§ **Problem description**
Write out the data exactly as given, dropping every picture.

[[ Information provided open ]]

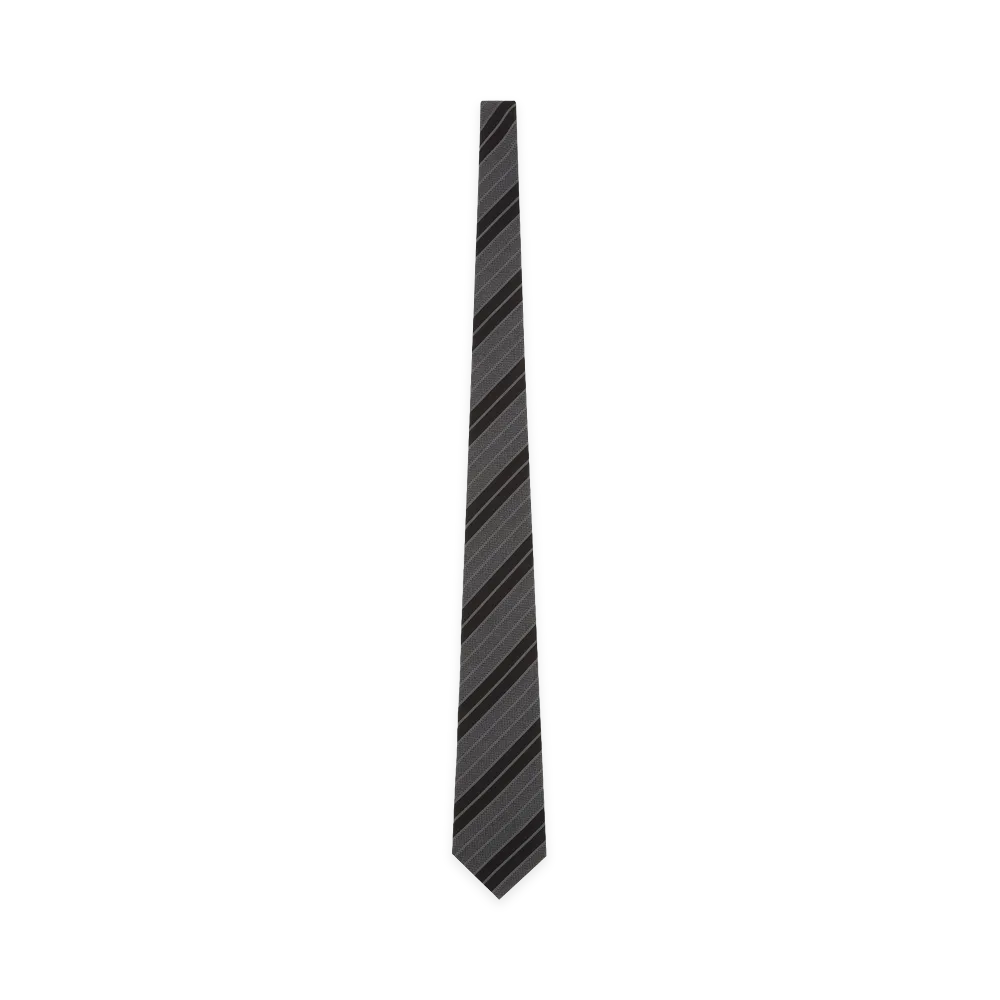 Saint Laurent Embroidered Jacquard Tie "Black"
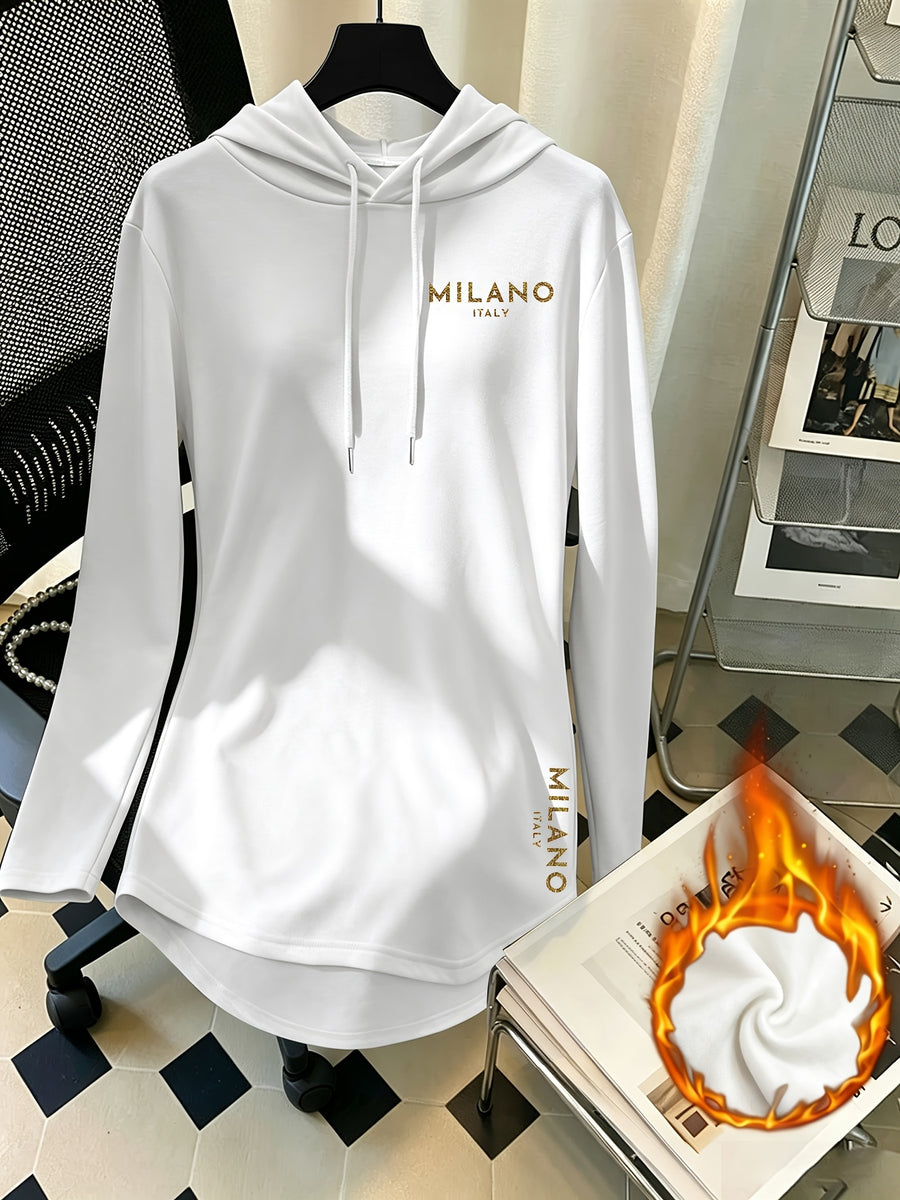 Mid-Length Hooded Sweatshirt for Women, Loose Hip-Covering Letter Print Drawstring Pullover Top - White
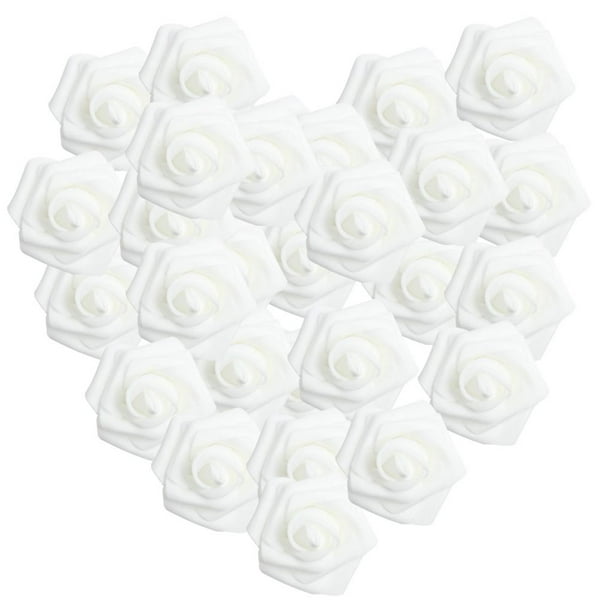 100 rosas artificiales de espuma para decoración de ramos de boda (8 cm) Rosado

[[ Information provided closed ]]

§ **Exercise solution**
 Saint Laurent Embroidered Jacquard Tie "Black"
 Mid-Length Hooded Sweatshirt for Women, Loose Hip-Covering Letter Print Drawstring Pullover Top - White
 100 rosas artificiales de espuma para decoración de ramos de boda (8 cm) Rosado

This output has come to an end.